Create dataset

A labeled dataset of documents is required to train, up-train, or evaluate a processor version.

This page describes how to create a dataset, import documents, and define a schema. To label the imported documents, see Label documents.

This page assumes you have already created a processor that supports training, up-training, or evaluation. If your processor is supported, you see the Train tab in the Google Cloud console.

Dataset storage options

You can choose between two options to save your dataset:

  • Google-managed
  • Custom location Cloud Storage

Unless you have special requirements (for example to keep documents in a set of CMEK-enabled folders) we recommend the simpler Google-managed storage option. Once created the dataset storage option cannot be changed for the processor.

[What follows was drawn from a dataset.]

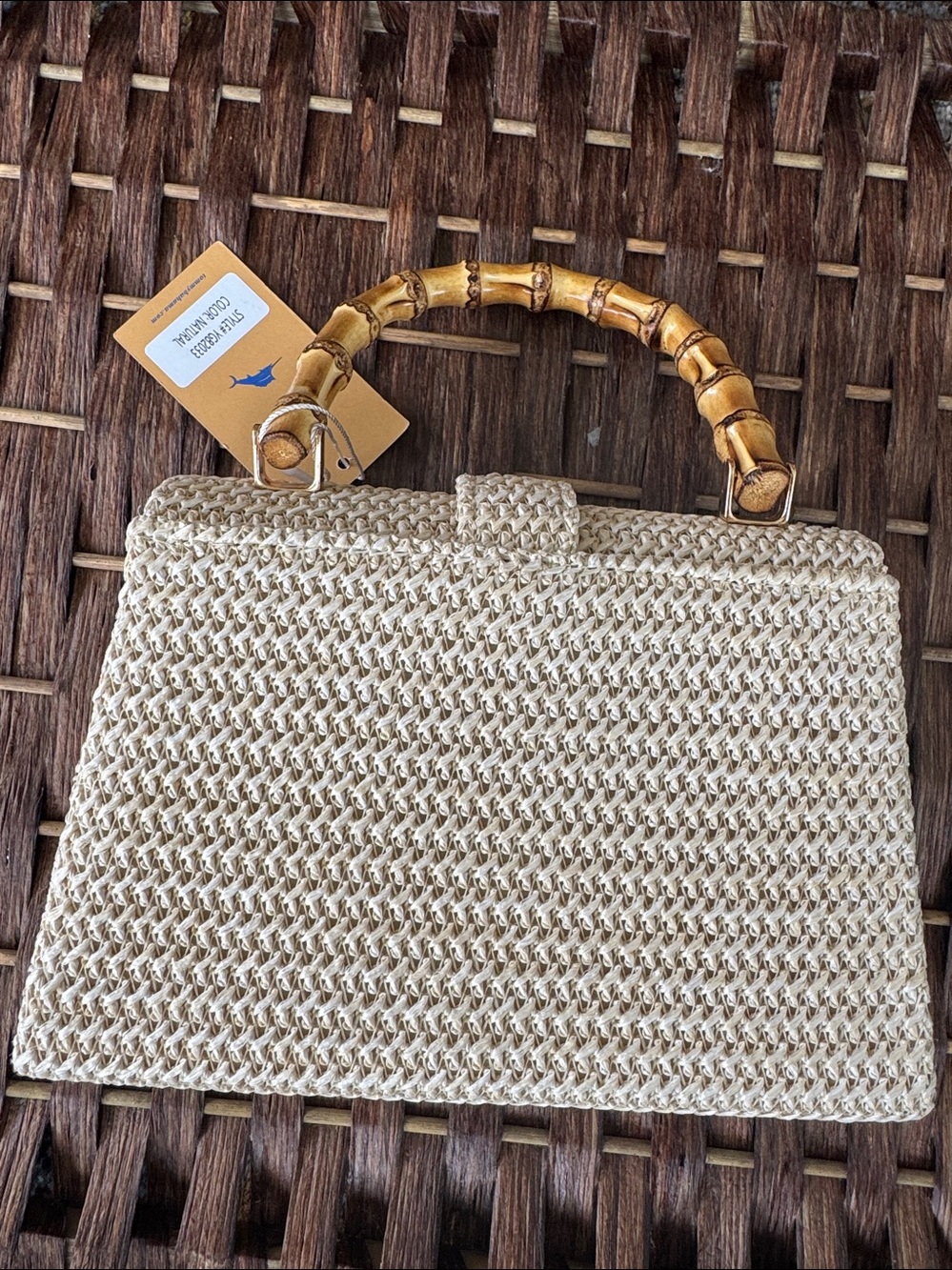 Tommy Bahama Natural Woven Straw/Raffia Handbag - Picture 3 of 12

The folder or subfolder for a custom Cloud Storage location must start empty and be treated as strictly read-only. Any manual changes to its contents might make the dataset unusable, risking its loss. The Google-managed storage option does not have this risk.

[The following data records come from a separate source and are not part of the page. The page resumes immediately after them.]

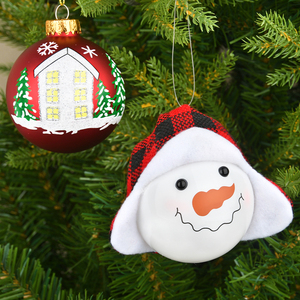 Boule de Noël en verre de 7 cm en forme de bonhomme de neige, décoration festive pour l'hiver, fournitures pour la saison des fêtes - Product Image 4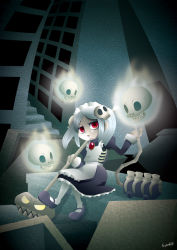 Rule 34 | 1girl, apron, bloody marie (skullgirls), hair ornament, maid, maid apron, red eyes, silver hair, skull, skull hair ornament, skullgirls, solo, suzukin, symbol-shaped pupils, vacuum cleaner
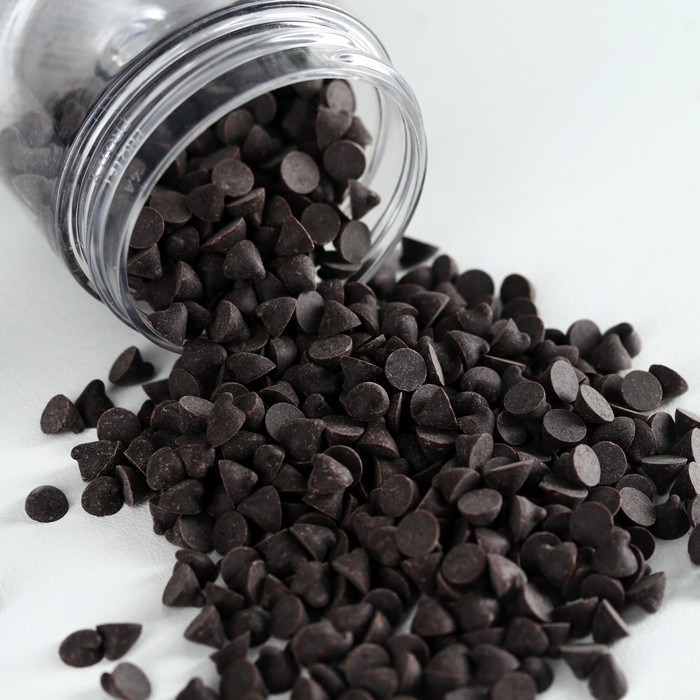 Шоколадные капли тёмные для капкейков, рулетов, печенья, 40 г.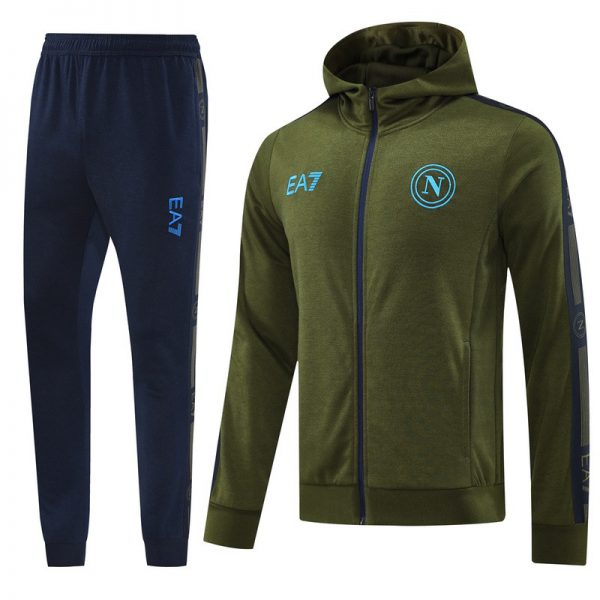 2024 Napoli Army Green Hoodie Jacket Kit Set Football Team Shirt Sports Fashion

Follow these steps to provision your storage location.

  1. Display advanced options while creating a new processor.

    create-dataset-1

  2. Keep the default radio group option to Google-managed storage.

    create-dataset-2

  3. Select Create.

    create-dataset-3

  4. Confirm dataset is created successfully and dataset location is Google-managed location.

    create-dataset-4

Custom storage option

  1. Set the advanced options on or off.

    create-dataset-5

  2. Select I'll specify my own storage location.

    create-dataset-6

  3. Choose a Cloud Storage folder from the input component.

    create-dataset-7

  4. Select Create.

    create-dataset-8

Dataset API operations

This sample shows you how to use the processors.updateDataset method to create a dataset. A dataset resource is a singleton resource in a processor, which means that there is no create resource RPC. Instead, you can use the updateDataset RPC to set the preferences. Document AI provides an option to store the dataset documents in a Cloud Storage bucket you provide or to have them automatically managed by Google.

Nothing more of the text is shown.